**Prompt**
Every entry that follows should be written out again exactly.

**Records from a dataset**
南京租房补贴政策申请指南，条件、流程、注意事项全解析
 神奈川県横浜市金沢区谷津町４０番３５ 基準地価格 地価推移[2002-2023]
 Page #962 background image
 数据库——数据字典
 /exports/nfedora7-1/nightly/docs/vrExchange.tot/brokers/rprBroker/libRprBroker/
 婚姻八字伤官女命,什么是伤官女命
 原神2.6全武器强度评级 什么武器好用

**Solution to the problem**
南京租房补贴政策申请指南，条件、流程、注意事项全解析
 神奈川県横浜市金沢区谷津町４０番３５ 基準地価格 地価推移[2002-2023]
 Page #962 background image
 数据库——数据字典
 /exports/nfedora7-1/nightly/docs/vrExchange.tot/brokers/rprBroker/libRprBroker/
 婚姻八字伤官女命,什么是伤官女命
 原神2.6全武器强度评级 什么武器好用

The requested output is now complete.